Here’s a confession: I stink at marriage counseling.  It took me a while to realize this, because I love being a pastor.  I love most parts of my job so much, I’d do them even if I wasn’t paid.  So when married couples have approached me, asking if I could help them work through some problems they were having, I’ve always been glad to do what I could.  But afterwards, I rarely felt I had actually helped them.  Often, I knew these people well. They were friends.  I liked and respected them.  Surely, I thought, this will be simple, just letting them talk things through, offering a few pieces of sage advice, and praying for healing.  They would thank me and walk away, with their love for each other renewed.  It never seemed to work out that way.  Instead, I would find one partner tearfully, bitterly rehearsing the offenses she has had to put up with, the Hell on Earth she has been experiencing.  Meanwhile, the other spouse looks absolutely astonished.  He can’t understand why she gets to play the victim, when she is far from perfect herself (It wasn’t always the wife accusing and the husband on defense, but for ease of reading, I will leave the gender pronouns this way).  He offers semi-sincere apologies, promises to try harder, and basically minimizes her complaints .  They leave angrier than they were when they arrived.

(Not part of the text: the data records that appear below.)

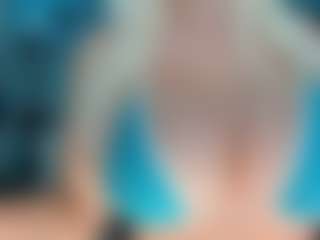adrianna777's Live Sex Cam Show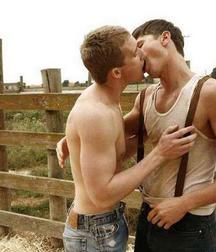 A Little Bit Country 22 5dc39480f1015.jpg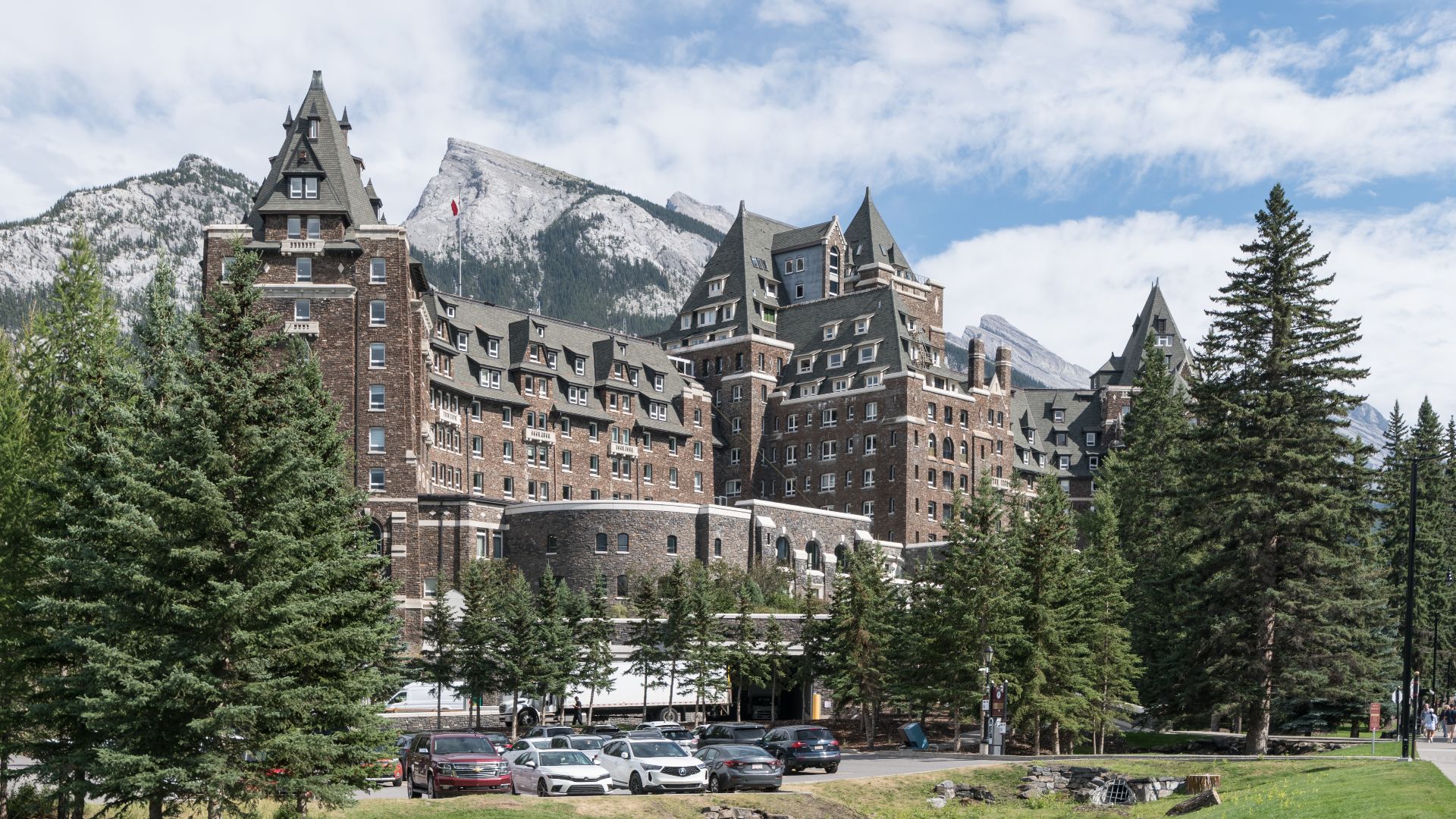 File:Fairmont Banff Springs Hotel, west view 20240820 1.jpg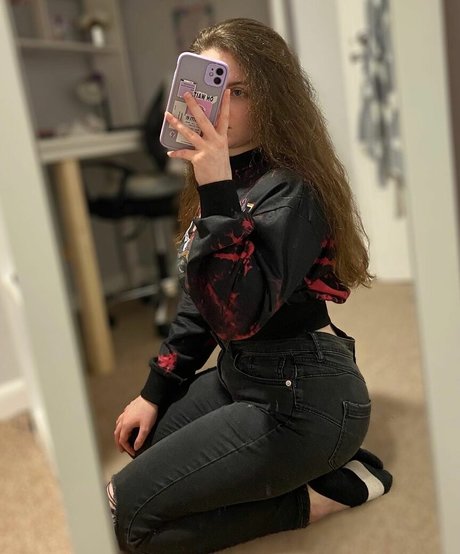 bustybritishbrunette star hd photos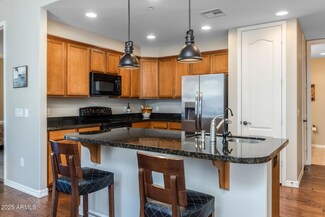 250 W Queen Creek Rd Unit 146, Chandler, AZ 85248
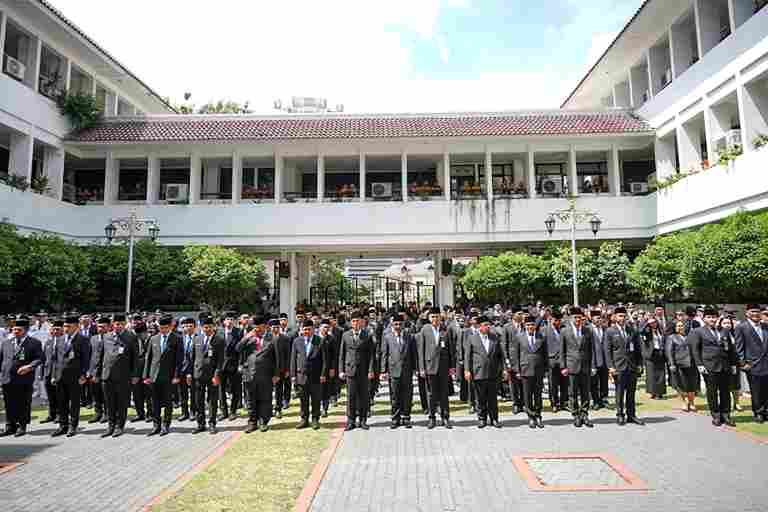 Pelantikan 213 pejabat administrator dan pengawas di Balai Kota Medan, Senin (23 Februari 2026).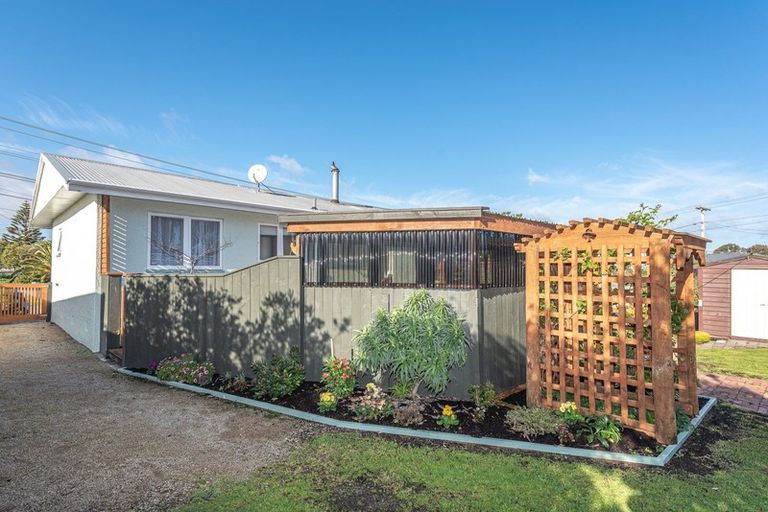 Photo of property in 45 Mosston Road, Castlecliff, Whanganui, 4501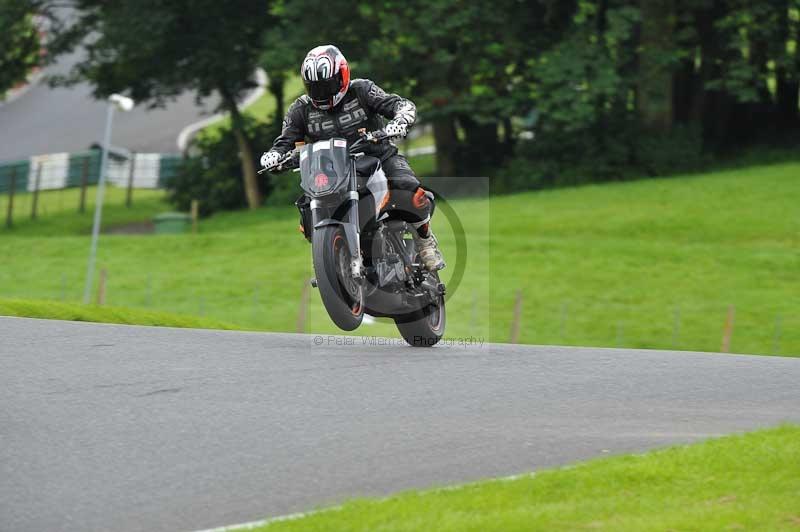 Motorcycle action photographs;Trackday digital images;cadwell;cadwell park photographs;event digital images;eventdigitalimages;motor racing louth lincolnshire;no limits trackdays;peter wileman photography;trackday;trackday photos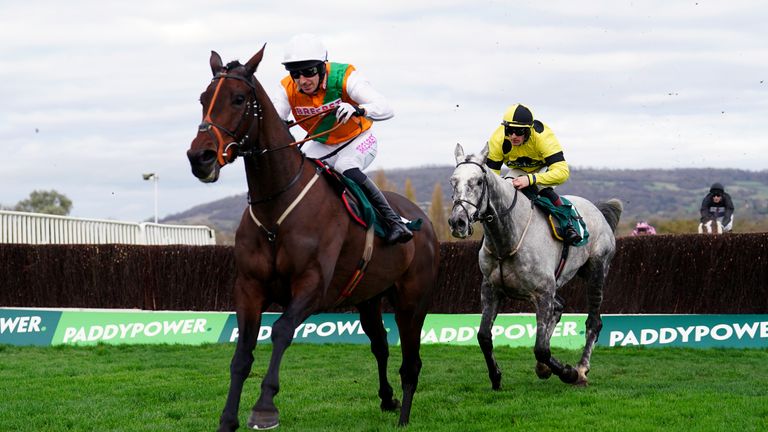 Pull Again Green in winning action over fences at Cheltenham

After years of this, I finally realized something: By the time couples came to me for marriage counseling, they were already past the point of wanting to “work on their marriage.”  They had each dug a foxhole, and their relationship had degenerated into lobbing occasional grenades at each other.  Her motive in coming to me for counseling was simply an attempt to get a third party to confirm what she had been saying to him all along. She wanted me to say, “No woman should have to put up with what you’ve gone through.”  Whereas he was hoping I would join in with his self-defense, telling her, “Get over it; he’s not so bad.”  Each wanted me to climb into their foxholes and fight alongside them.  Any advice I offered would be politely received.  But I got the distinct feeling that they both were thinking, “Preacher, you obviously haven’t been listening to me.  I’m not the one who needs to change, my spouse is.”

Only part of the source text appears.